BEATO ANGELO D’ACRI
Era
il 19 ottobre 1669 quando ad Acri, in provincia di Cosenza, nasceva Lucantonio
Falcone. Poveri i suoi genitori, ma ricchi di virtù cristiane.
Singolare,
anzi forse unica, nella storia dei religiosi, fu la sua vocazione. A diciotto
anni chiese ed ottenne di farsi frate cappuccino, ma oppresso da dubbi e
incertezze per due volte lasciò il noviziato, depose l’abito religioso e
ritornò a casa dove pensava di costruirsi una vita al pari degli altri.
Pur
circondato dall’affetto della tenerissima madre, il suo cuore restava inquieto,
perché i disegni di Dio su di lui erano diversi. Rientrò in convento per la
terza volta: misticamente moriva Lucantonio Falcone e nasceva frate Angelo
d’Acri. A passi da gigante percorse tutte le tappe di vita religiosa che lo
portarono al Sacerdozio, il 10 Aprile del 1700, nell’antica Cattedrale di
Cassano allo Jonio.
Sulle
sue spalle montanare subito caddero pesanti responsabilità e delicati incarichi
che assolse con impegno e successo: fu Superiore Provinciale dei Cappuccini e
per il suo modo di governo venne chiamato «Angelo della pace».
Il
suo principale servizio alla Chiesa e all’Ordine Cappuccino, tuttavia,
consistette nella predicazione sistematica, per quarant’anni. Era divenuto il
missionario più ricercato ed ascoltato dell’Italia meridionale, tanto che si
diceva che, quando predicava, «nelle case non ci restavanu mancu li gatti».
La
vita di padre Angelo d’Acri è stata una rappresentazione vivente di Gesù, non
tanto esteriore, ma interiore. Le testimonianze giurate ricordano che recitava
a memoria la Sacra Scrittura e che ne faceva sempre uso nell’evangelizzazione
del popolo.
Il
30 ottobre 1739, fisicamente sfinito dalle fatiche apostoliche, se ne volava al
Cielo.
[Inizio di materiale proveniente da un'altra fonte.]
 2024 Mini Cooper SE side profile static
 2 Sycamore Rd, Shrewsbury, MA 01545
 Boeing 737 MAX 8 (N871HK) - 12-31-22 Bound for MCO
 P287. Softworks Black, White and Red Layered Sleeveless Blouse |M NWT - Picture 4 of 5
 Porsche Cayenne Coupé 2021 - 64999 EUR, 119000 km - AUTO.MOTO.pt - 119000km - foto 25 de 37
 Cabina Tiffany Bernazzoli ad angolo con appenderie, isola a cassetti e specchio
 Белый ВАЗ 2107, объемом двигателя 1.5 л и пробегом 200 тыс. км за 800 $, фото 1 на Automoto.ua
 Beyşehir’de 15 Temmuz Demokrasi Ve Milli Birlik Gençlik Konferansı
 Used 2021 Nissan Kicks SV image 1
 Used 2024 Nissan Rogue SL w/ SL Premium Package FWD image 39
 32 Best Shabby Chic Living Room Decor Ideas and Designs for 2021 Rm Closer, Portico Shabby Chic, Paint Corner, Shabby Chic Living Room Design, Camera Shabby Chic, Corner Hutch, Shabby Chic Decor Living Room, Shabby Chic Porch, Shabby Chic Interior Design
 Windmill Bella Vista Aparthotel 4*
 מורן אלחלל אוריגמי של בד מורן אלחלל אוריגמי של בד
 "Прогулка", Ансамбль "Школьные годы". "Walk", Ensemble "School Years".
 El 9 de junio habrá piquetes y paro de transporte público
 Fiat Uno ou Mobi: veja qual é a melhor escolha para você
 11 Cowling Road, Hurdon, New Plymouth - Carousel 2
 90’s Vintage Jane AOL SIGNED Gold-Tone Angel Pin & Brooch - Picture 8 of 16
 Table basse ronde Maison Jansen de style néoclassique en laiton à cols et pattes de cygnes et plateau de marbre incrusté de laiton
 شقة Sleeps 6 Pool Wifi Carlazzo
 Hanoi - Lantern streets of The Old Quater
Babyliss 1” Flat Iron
Il 18 dicembre 1825, papa Leone XII proclamò Beato il Cappuccino di
Acri. Il suo corpo, ricomposto, divenne oggetto di quotidiana venerazione nella
Basilica a lui dedicata.
Per
la sua canonizzazione è stato riconosciuto un ulteriore miracolo: la guarigione
di un giovane acrense, Salvatore Palumbo, rimasto vittima di un incidente nel
marzo 2010, mentre guidava un quad. Condotto all’ospedale dell’Annunziata a
Cosenza, versò presto in gravi condizioni: aveva perso il controllo del mezzo e
si era scontrato con un palo della linea telefonica.
I
parenti di Salvatore, allora, chiesero ai Cappuccini di Acri una reliquia del
Beato Angelo: il cordone del suo saio fu posto accanto ai macchinari che
tenevano in vita il giovane, che il giorno dopo ridiede segnali di ripresa e fu
solo bisognoso di riabilitazione.
Il
processo diocesano sul miracolo si svolse nel 2014 e fu convalidato il 20 marzo
2015. Il 23 marzo 2017, ricevendo in udienza il Prefetto della Congregazione
delle Cause dei Santi, papa Francesco ha autorizzato la promulgazione del
decreto con cui la guarigione di Salvatore poteva essere dichiarata
inspiegabile, completa, duratura e ottenuta tramite l’intercessione di padre
Angelo d’Acri. La sua canonizzazione, nel Concistoro del 20 aprile 2016, è
stata fissata a domenica 15 ottobre 2017.